Czemu ja się nie uparłam by stąd odejść? Albo przynajmniej mogłam nie reagować na niedolę Harry'ego. Teraz przyjdzie mi zapłacić za swoją litość.
Pani ginekolog, bo nawet nie spodziewałam się, że wezwie do mnie mężczyznę zjawia się po niecałej godzinie. Pewnie zażąda za tę wizytę fortuny, bo wygląda na bardzo elegancką kobietę. Harry pomaga jej wnieść mini urządzenie do usg. Szczerze to nawet nie miałam pojęcia, że takie coś istnieje.
- Zgadza się pani by ten pan był obecny przy badaniu - wypowiadam ciche tak, bo nie chcę mieć u niego jeszcze bardziej przewalone. Rozsmarowuje pewien żel na moim brzuchu i przykłada do niego urządzenie. Spoglądam na ekran, ale i tak nic tam nie rozpoznaje.

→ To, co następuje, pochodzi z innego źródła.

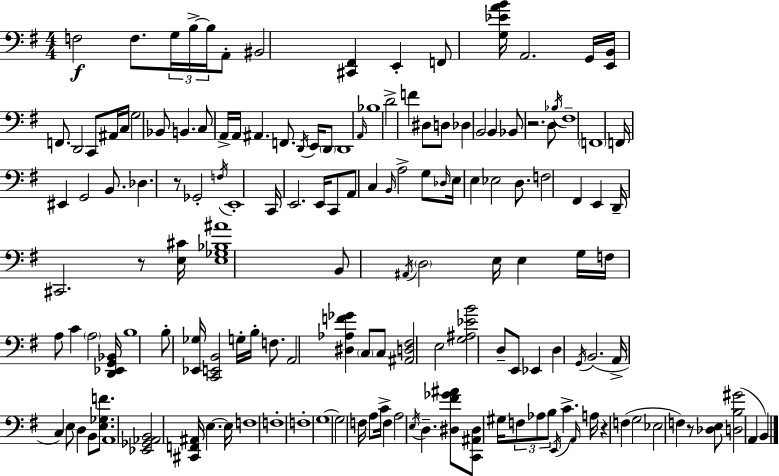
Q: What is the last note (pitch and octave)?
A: B2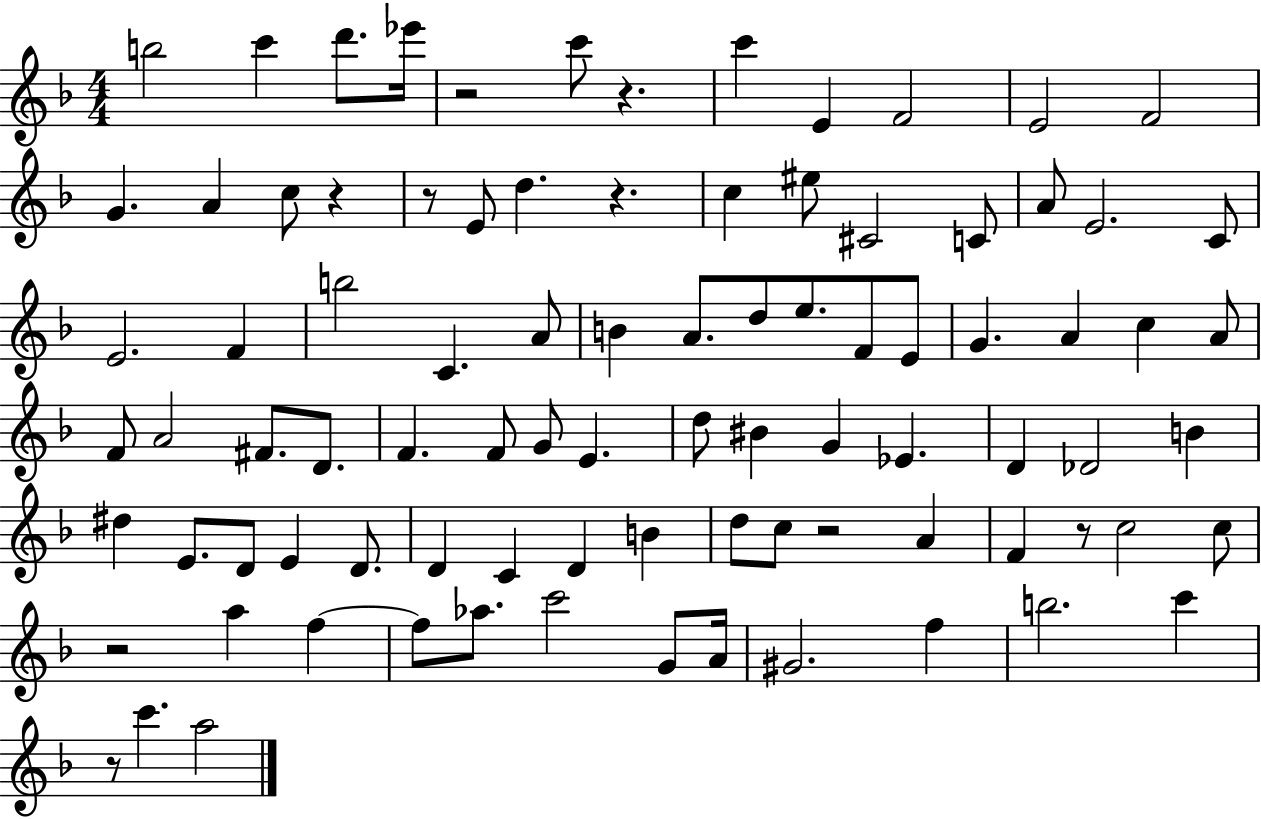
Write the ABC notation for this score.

X:1
T:Untitled
M:4/4
L:1/4
K:F
b2 c' d'/2 _e'/4 z2 c'/2 z c' E F2 E2 F2 G A c/2 z z/2 E/2 d z c ^e/2 ^C2 C/2 A/2 E2 C/2 E2 F b2 C A/2 B A/2 d/2 e/2 F/2 E/2 G A c A/2 F/2 A2 ^F/2 D/2 F F/2 G/2 E d/2 ^B G _E D _D2 B ^d E/2 D/2 E D/2 D C D B d/2 c/2 z2 A F z/2 c2 c/2 z2 a f f/2 _a/2 c'2 G/2 A/4 ^G2 f b2 c' z/2 c' a2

- Wszystko wskazuje na to, że to dziesiąty tydzień - no to teraz to naprawdę nie mam pojęcia kto jest ojciem. - Lecz mimo wszystko zalecam dużo odpoczynku i oczywiście trzeba wykonać badania krwi. Proszę jak najszybciej przyjść do mojego gabinetu z wynikami, a przepisze wszelkiego rodzaju witaminy.
- Niech pani już jedzenie, pieniądze są na koncie, a aparaturę jutro któryś z moim pracowników odwiezie - mówi do niej, a ona nic nie odpowiadając wychodzi, chwytam za ręczniki papierowe, on mi jednak je zabiera i sam wyciera mój brzuch.
- Bądź spokojna, nie uderzę cię teraz ani nie zrobię nic co mogłoby zaszkodzić tobie albo naszemu dziecku. Nie jestem aż takim potworem.
- A co z moim ojcem? On nie jest święty, ale mimo wszystko go kocham - jedną rękę trzyma nadal na moim brzuchu, ale drugą za to przenosi na mój policzek. Przez chwilę mrożę oczy tak jakby chciał mnie uderzyć. On jednak tak nie robi.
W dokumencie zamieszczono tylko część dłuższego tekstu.